■ **TASK BRIEF**
In the material below, find the line containing "Nissan Sentra 2012: Battery" and the line containing "Main Character Energy Hoodie", then reproduce exactly both of them and every line between, and nothing else.
[Opening RECORDS TO PROCESS section]
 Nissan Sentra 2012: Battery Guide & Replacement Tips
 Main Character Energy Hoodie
[Closing RECORDS TO PROCESS section]
[Opening RECORDS TO PROCESS section]
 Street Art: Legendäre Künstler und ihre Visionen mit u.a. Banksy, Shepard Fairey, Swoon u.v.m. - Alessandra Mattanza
[Closing RECORDS TO PROCESS section]
■ **EXERCISE SOLUTION**
 Nissan Sentra 2012: Battery Guide & Replacement Tips
 Main Character Energy Hoodie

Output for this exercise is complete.